*** THE DATA ***
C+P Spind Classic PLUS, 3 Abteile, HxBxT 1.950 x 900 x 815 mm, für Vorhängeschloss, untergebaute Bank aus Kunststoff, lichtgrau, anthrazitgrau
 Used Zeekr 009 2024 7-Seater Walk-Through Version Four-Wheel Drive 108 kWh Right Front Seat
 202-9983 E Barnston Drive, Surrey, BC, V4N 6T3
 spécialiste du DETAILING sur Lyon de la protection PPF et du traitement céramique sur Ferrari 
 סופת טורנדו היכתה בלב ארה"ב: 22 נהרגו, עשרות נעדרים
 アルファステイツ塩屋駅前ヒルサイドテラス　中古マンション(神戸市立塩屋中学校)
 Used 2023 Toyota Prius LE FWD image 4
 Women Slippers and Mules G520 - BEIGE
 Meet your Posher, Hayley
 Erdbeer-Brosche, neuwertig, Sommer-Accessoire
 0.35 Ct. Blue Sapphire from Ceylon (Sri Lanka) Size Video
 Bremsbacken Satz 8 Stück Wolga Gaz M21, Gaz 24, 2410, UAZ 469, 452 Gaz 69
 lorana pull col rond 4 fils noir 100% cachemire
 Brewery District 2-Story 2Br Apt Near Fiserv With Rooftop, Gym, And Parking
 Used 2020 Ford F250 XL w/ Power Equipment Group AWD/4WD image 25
*** End of THE DATA ***
WHAT NEEDS TO BE DONE → Restate, please, word for word the span of records running from the first line to the line bearing "Used Zeekr 009", both included, and nothing outside it.

ANSWER FOR THE TASK →
C+P Spind Classic PLUS, 3 Abteile, HxBxT 1.950 x 900 x 815 mm, für Vorhängeschloss, untergebaute Bank aus Kunststoff, lichtgrau, anthrazitgrau
 Used Zeekr 009 2024 7-Seater Walk-Through Version Four-Wheel Drive 108 kWh Right Front Seat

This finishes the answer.